Your goal.
Look below for the line that contains "Carte De Visite" and the line that contains "2025 Bmw XM photo 2", then restate both of them and every line in between, exactly. No picture goes in the copy.

Data extracts.
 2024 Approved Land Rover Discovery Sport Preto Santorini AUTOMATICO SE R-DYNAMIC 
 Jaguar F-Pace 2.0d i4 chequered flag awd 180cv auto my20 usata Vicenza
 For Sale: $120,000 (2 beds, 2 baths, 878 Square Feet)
==
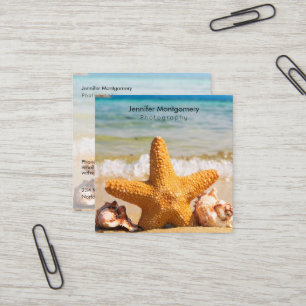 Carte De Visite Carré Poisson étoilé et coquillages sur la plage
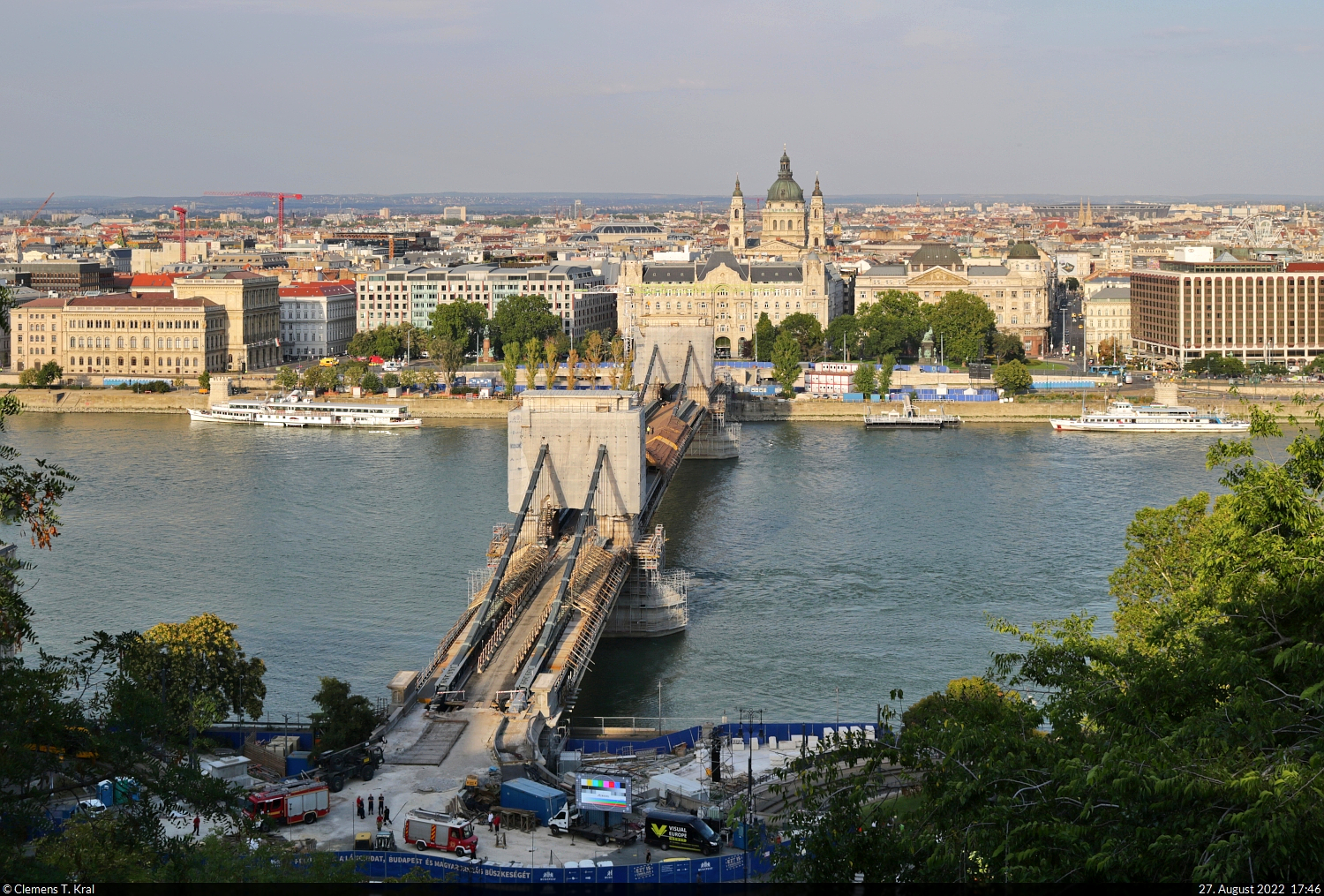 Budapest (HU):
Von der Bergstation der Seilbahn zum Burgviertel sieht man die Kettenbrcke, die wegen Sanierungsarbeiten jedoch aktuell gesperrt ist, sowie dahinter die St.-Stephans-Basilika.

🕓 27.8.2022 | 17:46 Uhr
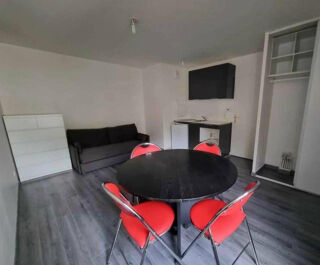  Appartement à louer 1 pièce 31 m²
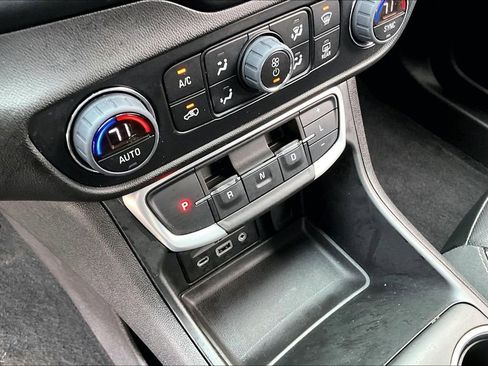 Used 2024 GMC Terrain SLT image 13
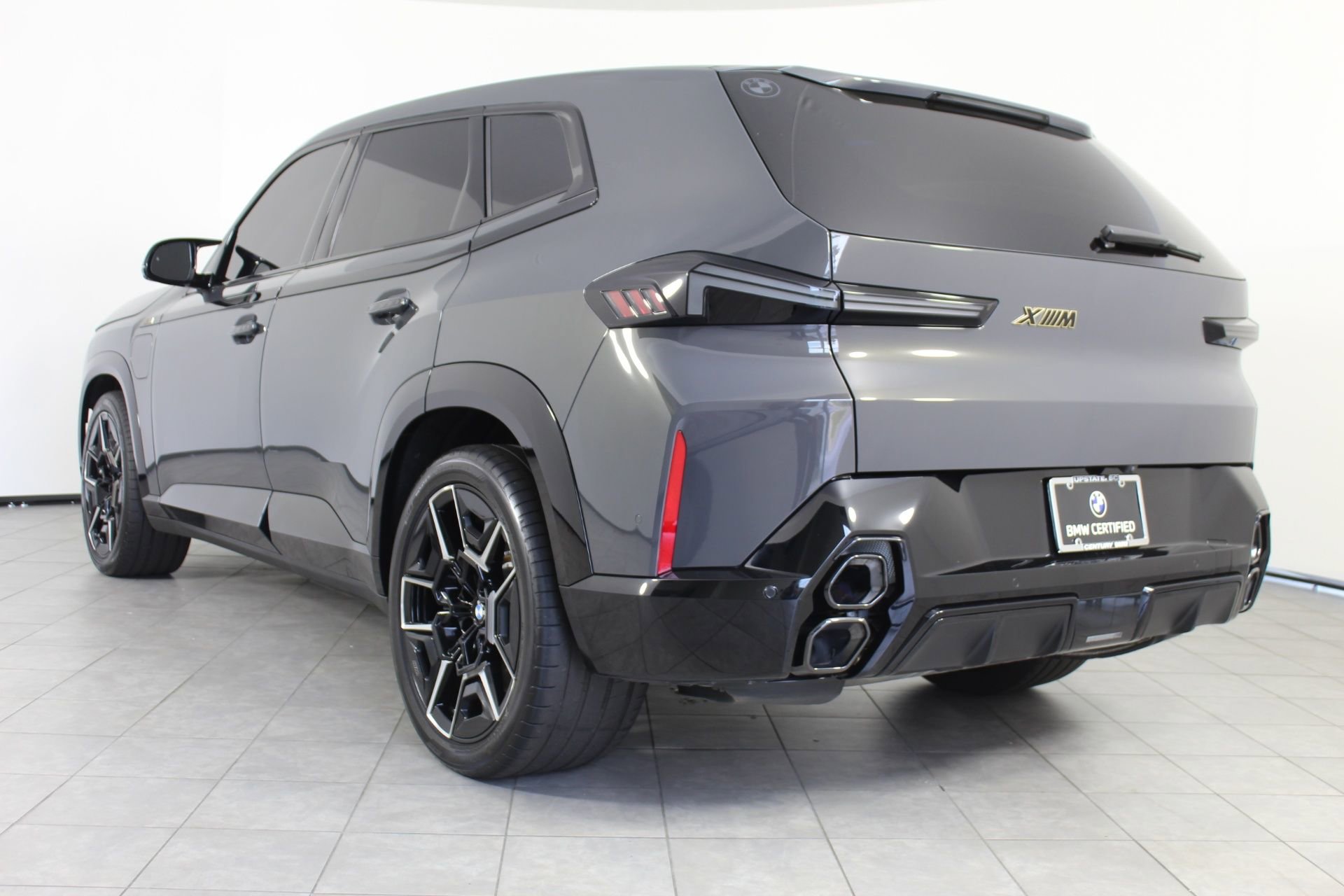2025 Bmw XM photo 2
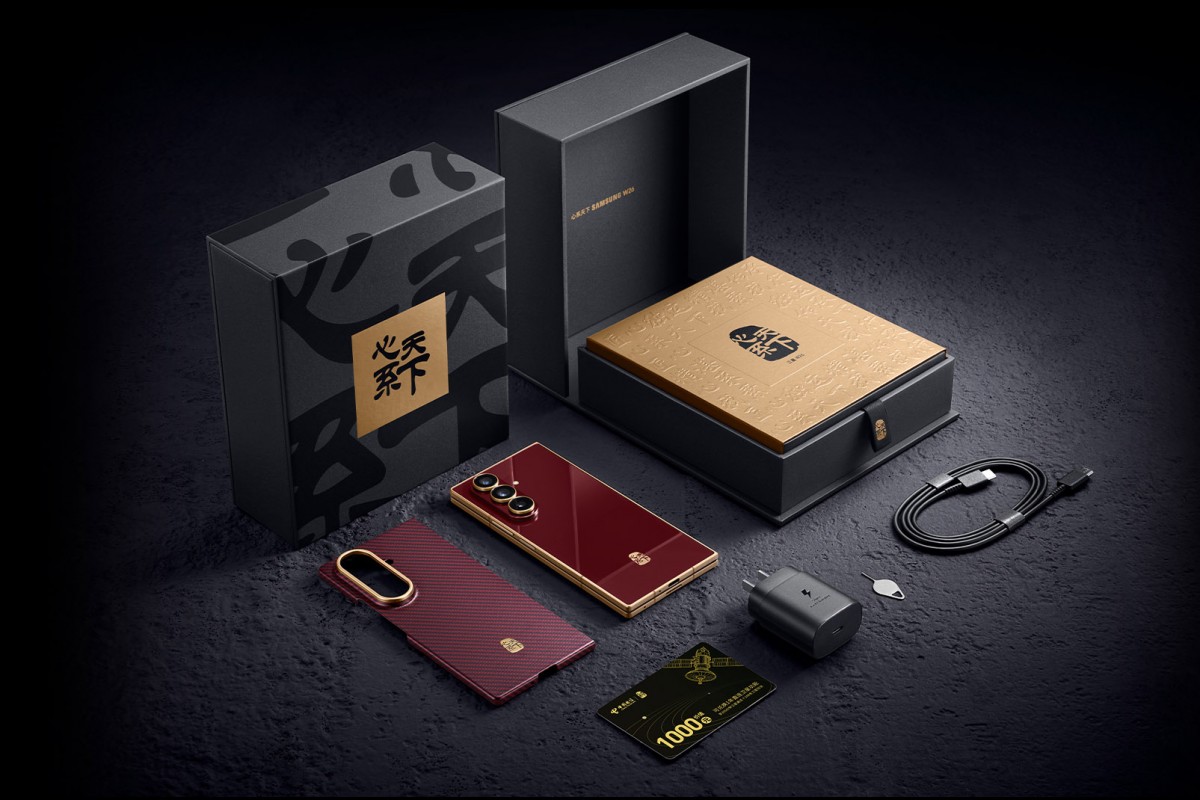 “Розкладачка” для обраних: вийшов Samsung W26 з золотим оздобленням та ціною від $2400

Task response.
 Carte De Visite Carré Poisson étoilé et coquillages sur la plage
 Budapest (HU):
Von der Bergstation der Seilbahn zum Burgviertel sieht man die Kettenbrcke, die wegen Sanierungsarbeiten jedoch aktuell gesperrt ist, sowie dahinter die St.-Stephans-Basilika.

🕓 27.8.2022 | 17:46 Uhr
  Appartement à louer 1 pièce 31 m²
 Used 2024 GMC Terrain SLT image 13
2025 Bmw XM photo 2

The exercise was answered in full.